For children, food insecurity means not only hunger, but also sadness and stress, a new study shows.
Parents who experience food insecurity might think they’re protecting their kids from their family’s food situation if they eat less or different foods so their kids don’t have to.
But, children may know more about food insecurity—the state of being without reliable access to a sufficient quantity of affordable, nutritious food—than their parents give them credit for.
“The long-held assumption is that parents will do whatever it takes to protect their children from food insecurity,” says Cindy Leung, assistant professor of nutritional sciences at the University of Michigan and lead researcher of the paper in the Journal of the Academy of Nutrition and Dietetics.
“Our study shows that children are not only aware that their family is food insecurity, but they’re also psychologically impacted by it.”
“There’s so much more to food than when you don’t have enough. It impacts your physical health and your mental well-being…”
The researchers talked to 60 children, ages 7 to 14, from the San Francisco Bay area. The children discussed worrying about not having enough food and about their parents’ well-being, anger, and frustration about the lack of food; embarrassment about their family’s situation; strain on the family’s dynamics due to food insecurity; and sadness over not having enough food.

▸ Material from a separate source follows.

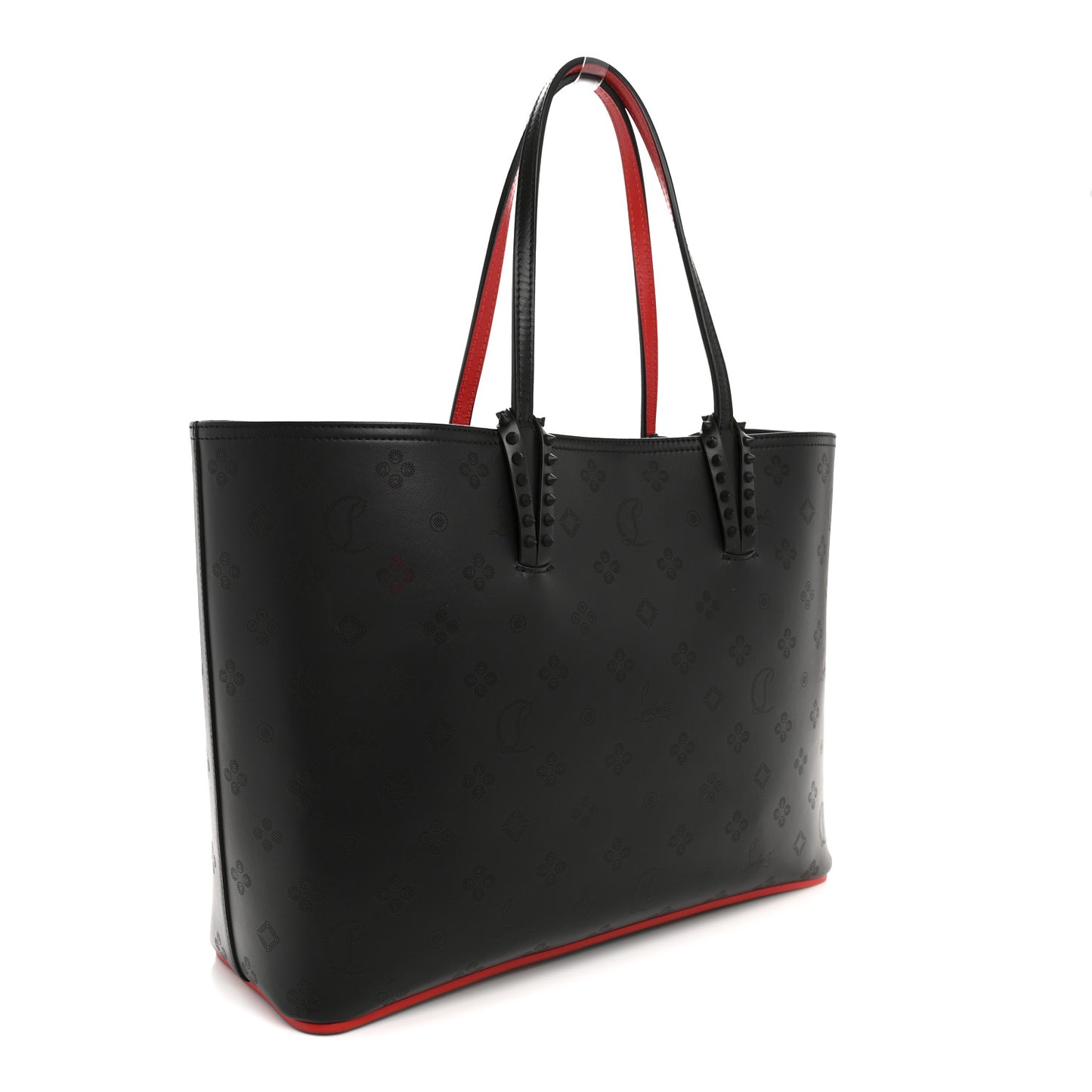 Perforated Calfskin Loubinthesky East West Cabata Tote Black Red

“We think of food insecurity as just a food problem, so our interventions are to provide food—whether that is through the food from food banks, free meals at school, or an EBT card to purchase food at the grocery store,” Leung says, adding that while those programs are important, they’re not enough.
“Food is more than just the calories. There’s so much more to food than when you don’t have enough. It impacts your physical health and your mental well-being, and our interventions to address food insecurity should focus beyond just the provision of food.”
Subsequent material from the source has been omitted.